* _Dataset extract_
------------

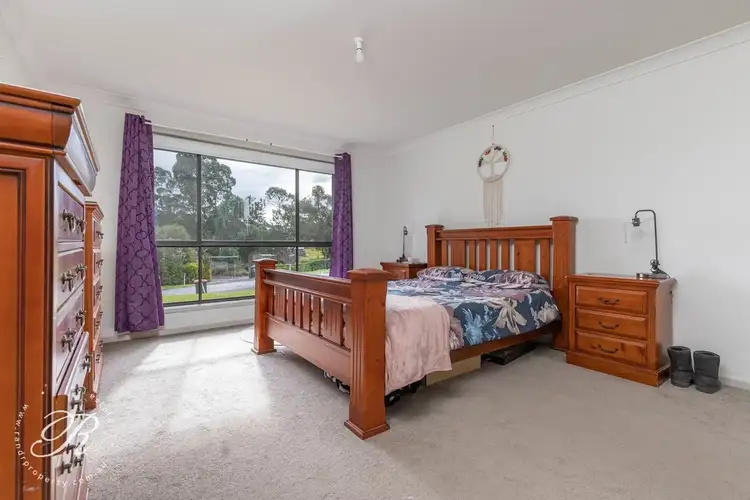 Fifth view of Homely house listing, 20 Wye Street, Stroud NSW 2425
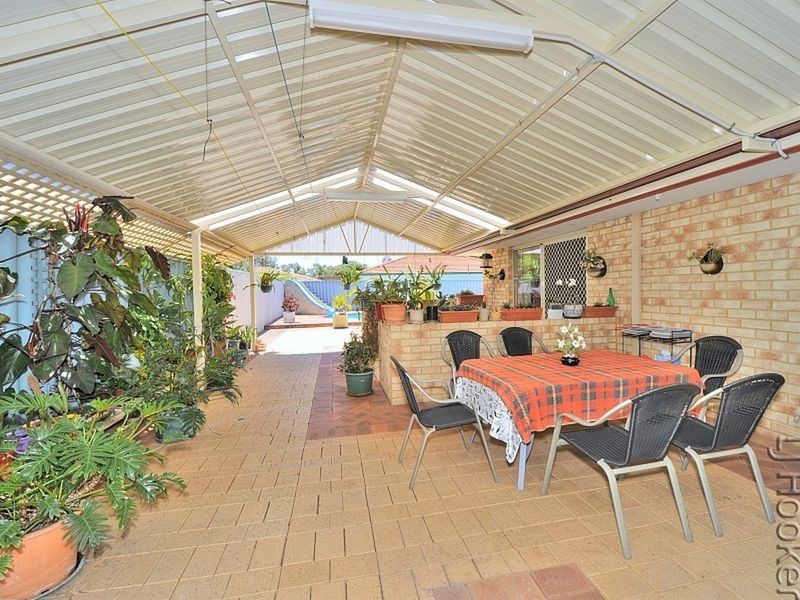65 Erica Street, Coodanup WA 6210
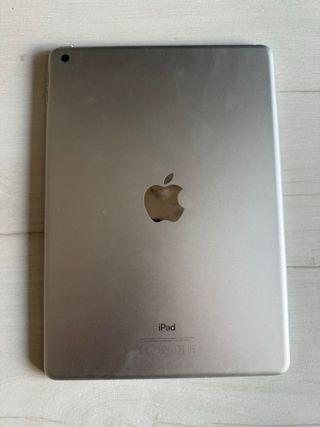 Apple iPad 5 generación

------------

* _Problem to solve_
Restate the listing above word for word, and skip the pictures.

* _Result_
 Fifth view of Homely house listing, 20 Wye Street, Stroud NSW 2425
65 Erica Street, Coodanup WA 6210
 Apple iPad 5 generación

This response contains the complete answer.